# Winter?



## moonkissed (Jul 20, 2013)

So we still have a ways before winter but I'm trying to prepare early & order things I will need lol.

Right now I am in Texas but in January I will be moving back to new York state. I have no idea how my little girl will react!

She is loving the Texas heat lol my sister keeps joking that I will lose my dog in the snow since she is so little.

I'll live in an apartment & we do have a nice grassy area...but they only shovel the walks! Lol so I'm not sure how to handle that.

I wanna buy her a sweater for cooler days and then a coat for the really cold days. Her little belly has like no fur on it poor girl will be freezing!

Then I also read that the salt they use for roads/walks r really bad for dogs feet, that plus it being cold I wanted to get her boots but so far I only found some for big dogs and it was like $90 ouch!

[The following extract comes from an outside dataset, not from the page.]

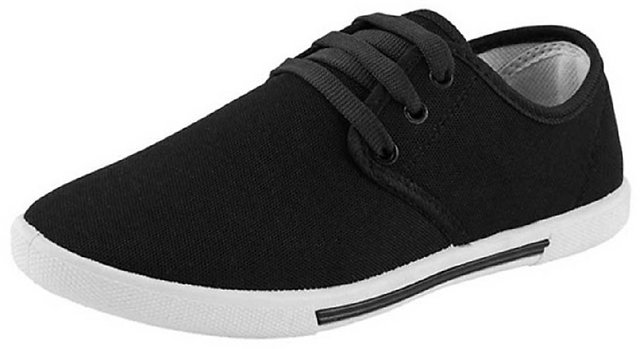 Stylish Canvas Casual Shoes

Any suggestions on websites for winter wear for little dogs I would be greatful thanks.

Sent from Petguide.com Free App


----------



## Chihuahua Mommy (Dec 28, 2012)

This website has some adorable winter outfits for dogs ! 

Winter Dog Apparel - Dog Winter Clothing


----------



## pupluv168 (Mar 7, 2012)

Elaine, a member here (username Elaina) has beautiful clothes at great prices. I would contact her and see if she has anything warm for your girl. Also, Amazon has great deals. 

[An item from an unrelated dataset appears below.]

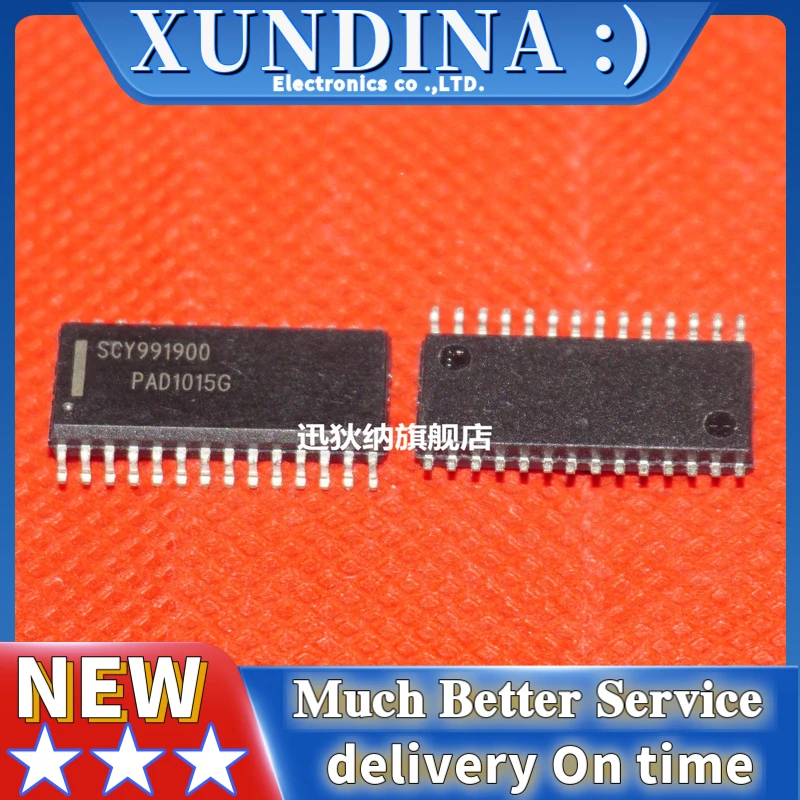 10PCS/LOT SCY991900 SOP28 new and original IC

Sent from Petguide.com App


----------



## Rocky (Jan 25, 2010)

I have a Hurtta Pro Winter Coat for Rocky. It is pricey but the best dog coats I have seen so far. The important thing is that it is wind- and waterproof! Make sure that for snowy and/ or rainy days the coat is waterproof as your baby will otherwise be really really cold (as wet). A pullover is good for Autumn but when it is wet or snowy a waterproof coat is the best.


----------



## Chihuahuasloveme (Jan 8, 2010)

I use doggy socks on ninjas feet he holds them up and screams when its too cold they make tiny socks for tony dog feet petsmart has them and I've sseen them cheap on ebay at least u could try them on at petsmart


----------



## spunky (Aug 23, 2013)

I used doggy socks and snow suits last winter on Peanut . His body is now longer. I hope I can find a suit to fit him this year.

Sent from Petguide.com Free App


----------